According to Shah, Flexport is still working out how products needing such careful transport could reach rural or impoverished areas, or what pharmaceutical companies working on these vaccines will need from companies like his. “To a T, they’re all extremely nervous about being able to bring these to market as quickly as people might expect,” he explained.
According to the World Health Organization, there are currently at least 160 COVID-19 vaccines being developed, with 25 presently in human studies. Those that have been most successful are heading into late-stage trial experiments, and may reach emergency-use authorization before the end of 2020. This would bring potentially usable shots–although in limited quantity–to health care workers and others who are most at risk.
“Often, people are talking about the scientific conundrum of coming forward with a vaccine that works,” said Kenneth Frazier, CEO of Merck & Co. “None of us are safe until all of us are safe, so it’s got to be given broadly to humanity. We need a vaccine that we can make and distribute around the world.”
Right now, companies are working out manufacturing deals while facilities prepare to produce still-risky vaccines that may fail in clinical trials. Although these vaccines are not yet ready for mass distribution, that level of production looms over the transportation industry, with pharmaceutical experts saying this distribution will be the greatest difficulty of the entire vaccine-producing process.
In regards to overseas travel, a single Boeing 777 will be able to ship one million individual vaccine vials, according to head of Emirates SkyCargo’s pharmaceutical division, Julian Sutch. Airlifting double-dose regimens–to be administered to half of the global population–would require 8,000 cargo planes.
Freeing up air freight capacity and preparing idled passenger planes to carry essential goods is helping to develop an international strategy. Currently, Emirates is using 70 passenger 777s just for cargo.
“I don’t think we’re ready because I don’t think we know what to expect,” said Miami International Airport aviation trade and logistics manager, Emir Pineda. “If, all of a sudden, 20 to 30 charter flights land at Miami International Airport full of pharmaceuticals for distribution throughout the Americas, we’re going to have a challenge.”
Governments may begin to intervene if private industry cannot meet the demands of this vaccine, as well. The Pentagon could potentially call Civil Reserve Air Fleet-contracted commercial airlines to aid in the efforts.
Additionally, as economies attempt to regain footing, stock demands will skyrocket ahead of the holiday season.

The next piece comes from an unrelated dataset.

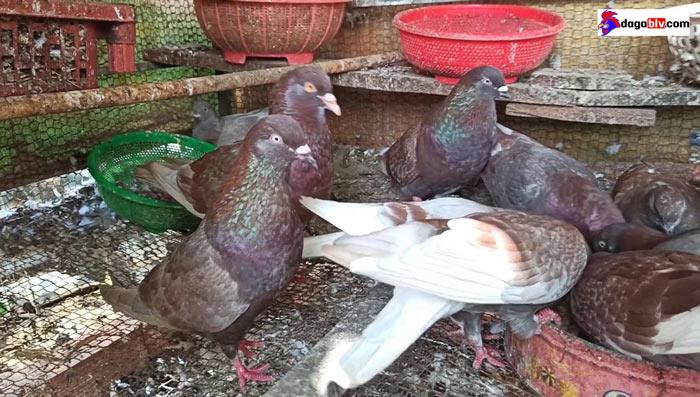 Kỹ thuật nuôi bồ câu pháp ăn gì?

Shipping prices may rise even higher, especially with current–and future–capacity shortages.
“We are going to see spikes driven by commercial freight,” said vice president at Atlas Air Worldwide, Michael Steen. “The typical calendar peak will be strong–that’s what we’re expecting.”

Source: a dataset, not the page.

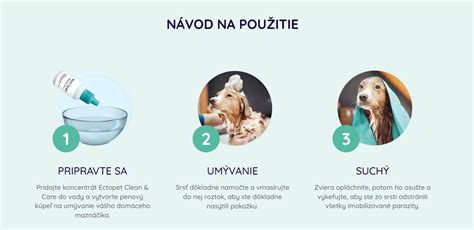 infografika o častých kožných problémoch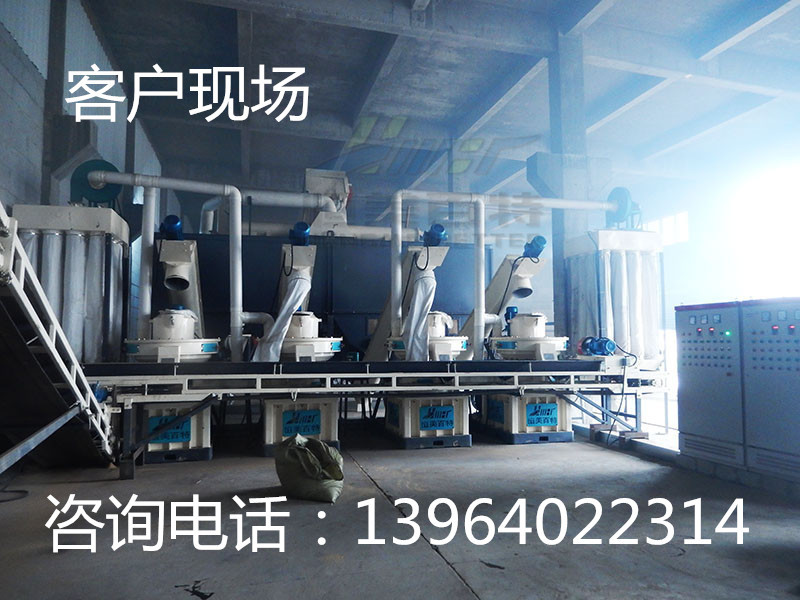 3868219341_2066696623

Although some international companies have been working to truck products into the U.S. or have been chartering private planes to deliver therapeutics, these Band-Aid solutions will likely fail with the complicated, expensive needs of shipping an international vaccine.
“We’re not planning proactively for accommodating that vaccine distribution going forward, because the various parties here are not connecting,” said Steen. “Shippers and manufacturers are not connecting.”
Still, supply chain companies, governments, and drug manufacturers are working diligently to find ways to “take this very scarce capacity and support the distribution of those vaccines in order to stimulate the economies and, most importantly, make people healthy again,” Steen said.